Input data =>
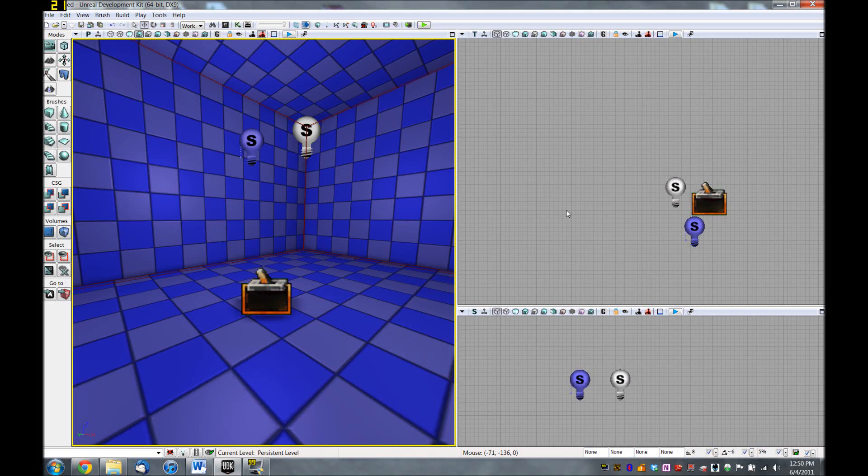Welcome back. My name is Jonathan Sova, a level design student at the Guildhall at SMU. This is part two of my basic tutorial of Kismet, using the May 2011 version of UDK.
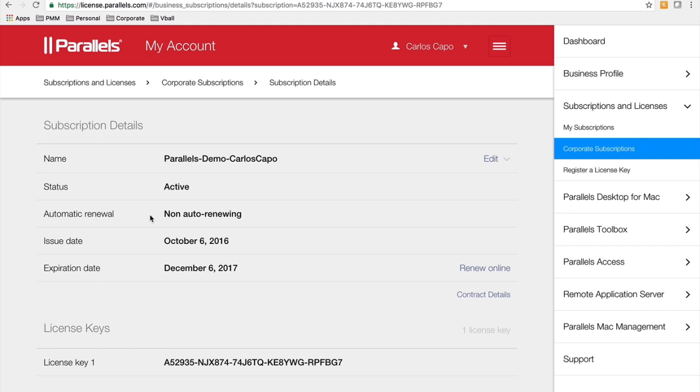You can see information in regards to the name of the subscription, the status, when it was issued, the expiration date.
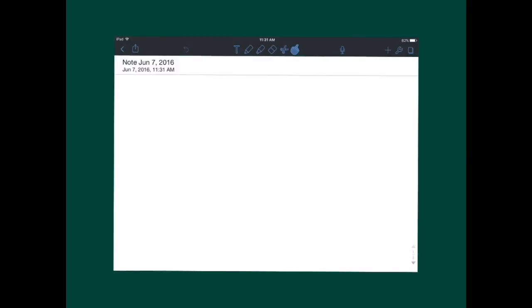Now, Notability is a different story. Notability is great for note-taking. It has a writing tool, a highlighting tool, an eraser tool, and a scissors tool. You can also navigate with this button over here. Now, not only can you take notes with all of these options, you can also import documents, like a reading that you might want to mark down with a highlighter.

Assignment =>
Could the data above be reproduced exactly, with the pictures left out?

Task output =>
Welcome back. My name is Jonathan Sova, a level design student at the Guildhall at SMU. This is part two of my basic tutorial of Kismet, using the May 2011 version of UDK.
You can see information in regards to the name of the subscription, the status, when it was issued, the expiration date.
Now, Notability is a different story. Notability is great for note-taking. It has a writing tool, a highlighting tool, an eraser tool, and a scissors tool. You can also navigate with this button over here. Now, not only can you take notes with all of these options, you can also import documents, like a reading that you might want to mark down with a highlighter.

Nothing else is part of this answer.